# [Problem requirements]
A word-for-word copy of the records that follow is needed, with every picture omitted.

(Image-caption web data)

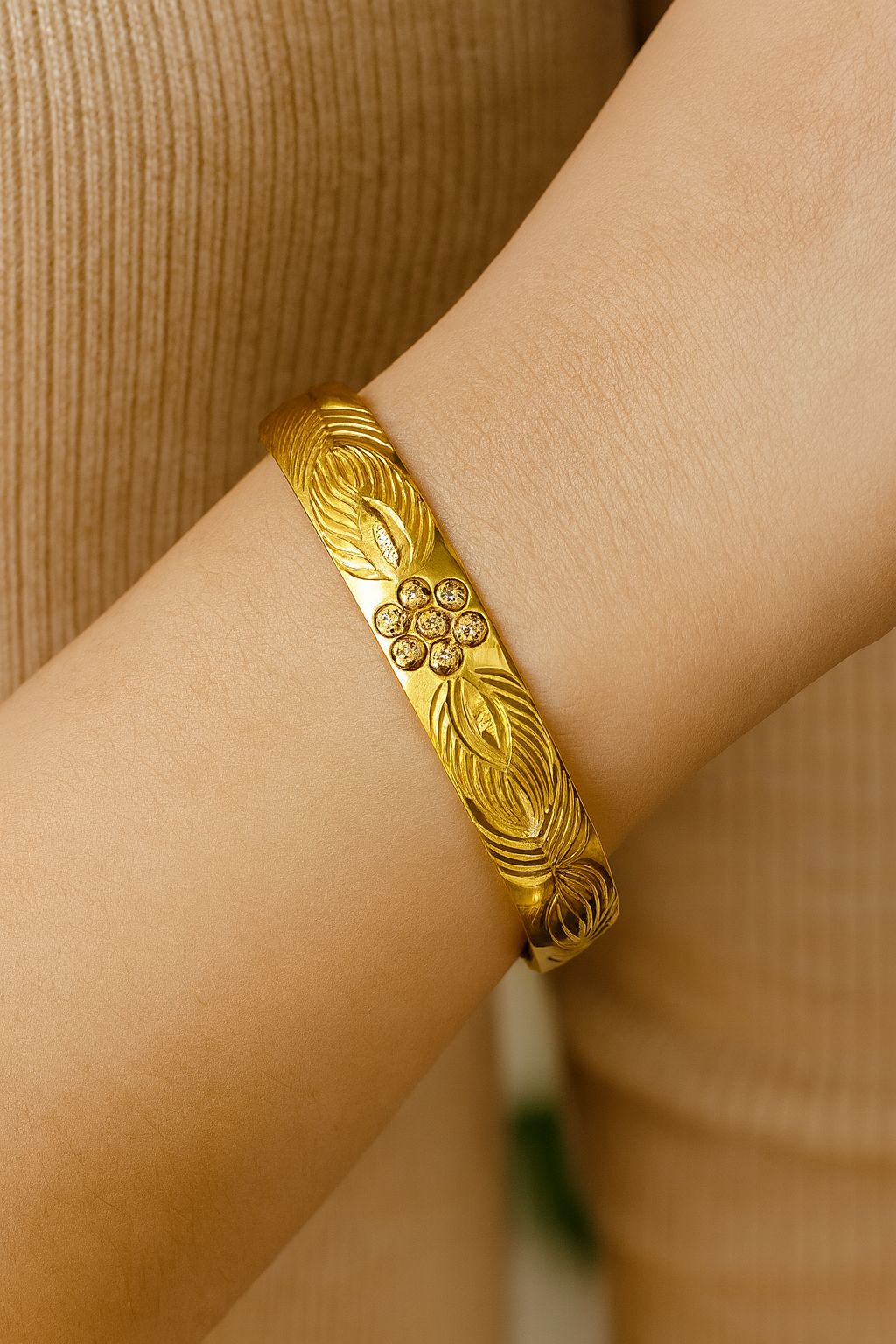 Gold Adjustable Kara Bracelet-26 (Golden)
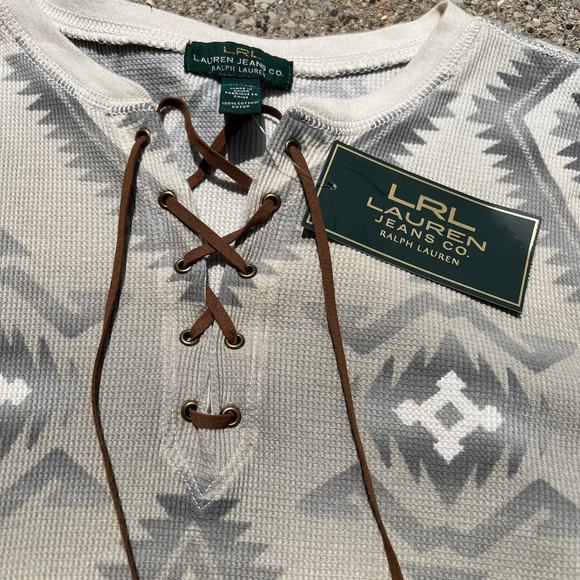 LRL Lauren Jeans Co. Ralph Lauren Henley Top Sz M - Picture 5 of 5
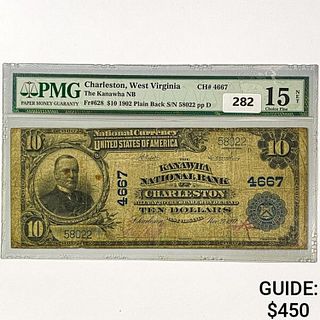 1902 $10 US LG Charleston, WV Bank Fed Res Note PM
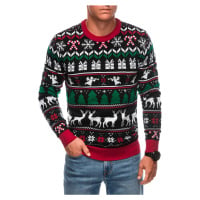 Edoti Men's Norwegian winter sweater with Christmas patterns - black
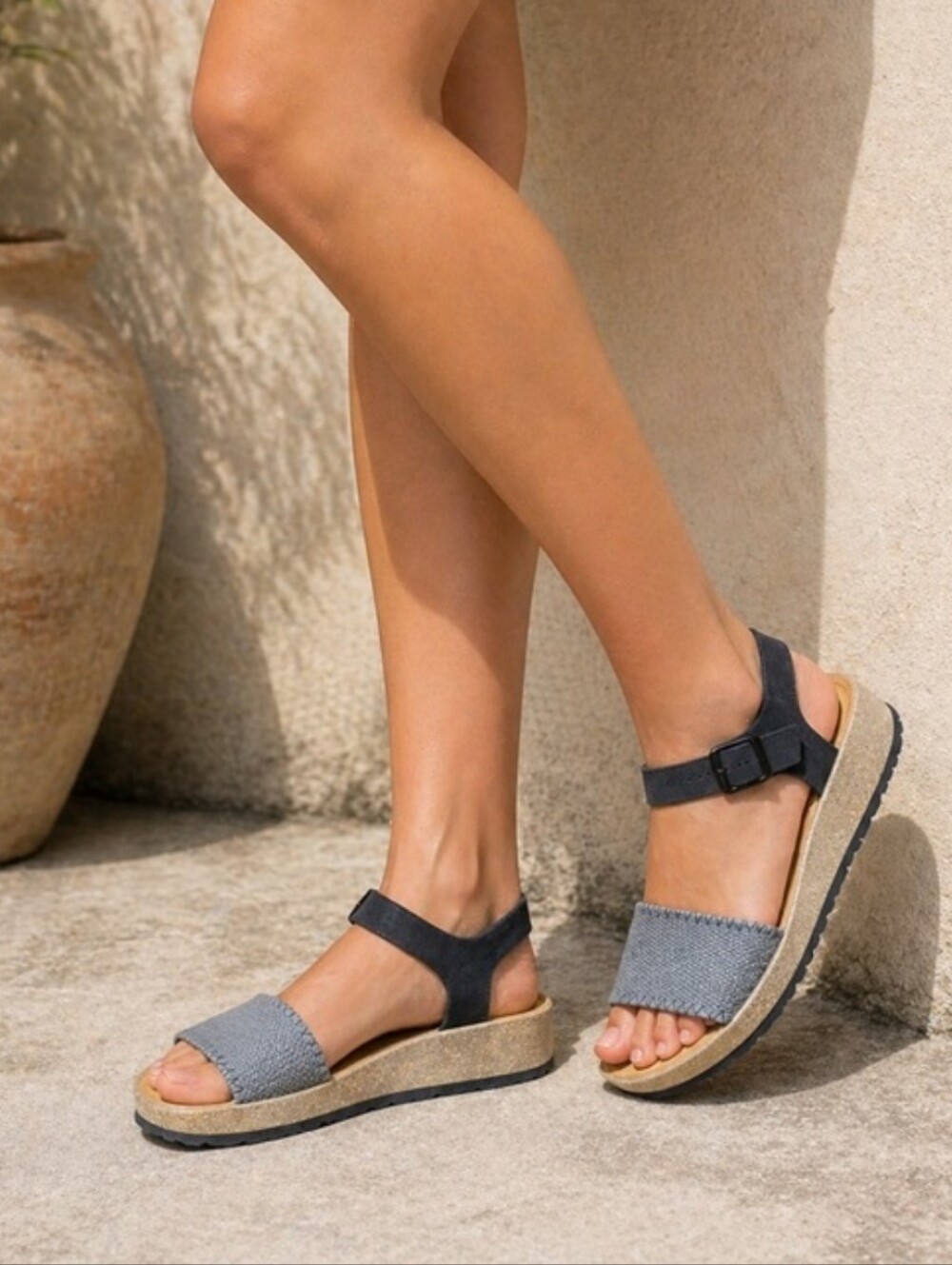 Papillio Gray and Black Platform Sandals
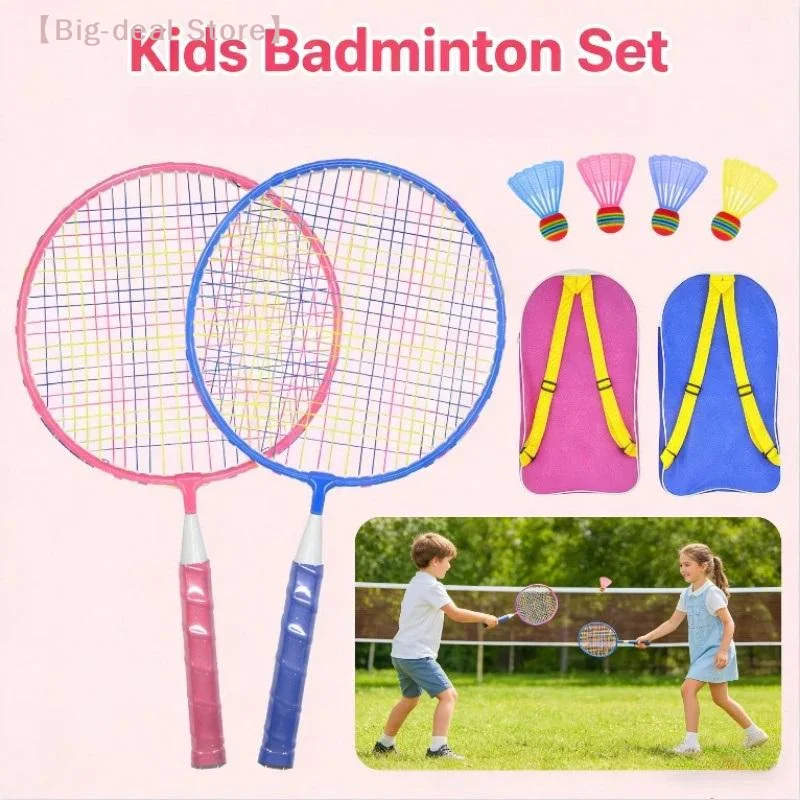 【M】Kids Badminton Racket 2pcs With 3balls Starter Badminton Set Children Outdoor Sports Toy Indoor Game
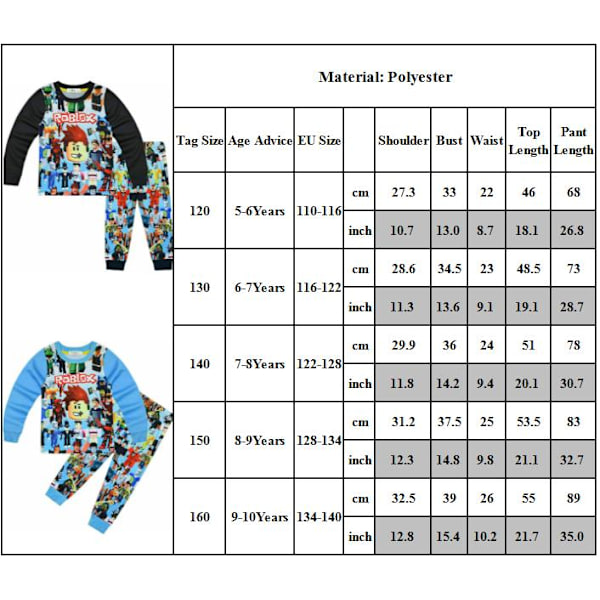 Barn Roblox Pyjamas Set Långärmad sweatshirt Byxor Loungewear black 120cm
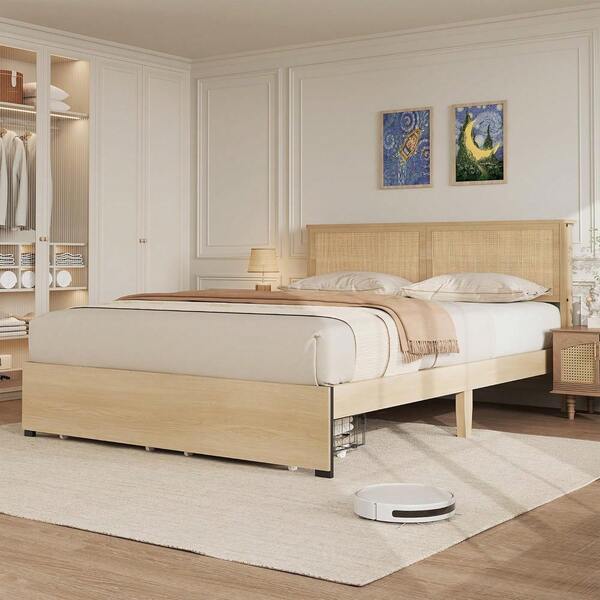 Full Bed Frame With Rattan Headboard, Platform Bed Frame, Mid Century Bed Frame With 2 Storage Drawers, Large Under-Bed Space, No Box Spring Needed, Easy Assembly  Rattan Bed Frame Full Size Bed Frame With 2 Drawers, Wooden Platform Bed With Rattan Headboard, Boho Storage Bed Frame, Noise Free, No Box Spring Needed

# [Task result]
 Gold Adjustable Kara Bracelet-26 (Golden)
 LRL Lauren Jeans Co. Ralph Lauren Henley Top Sz M - Picture 5 of 5
 1902 $10 US LG Charleston, WV Bank Fed Res Note PM
 Edoti Men's Norwegian winter sweater with Christmas patterns - black
 Papillio Gray and Black Platform Sandals
 【M】Kids Badminton Racket 2pcs With 3balls Starter Badminton Set Children Outdoor Sports Toy Indoor Game
 Barn Roblox Pyjamas Set Långärmad sweatshirt Byxor Loungewear black 120cm
 Full Bed Frame With Rattan Headboard, Platform Bed Frame, Mid Century Bed Frame With 2 Storage Drawers, Large Under-Bed Space, No Box Spring Needed, Easy Assembly  Rattan Bed Frame Full Size Bed Frame With 2 Drawers, Wooden Platform Bed With Rattan Headboard, Boho Storage Bed Frame, Noise Free, No Box Spring Needed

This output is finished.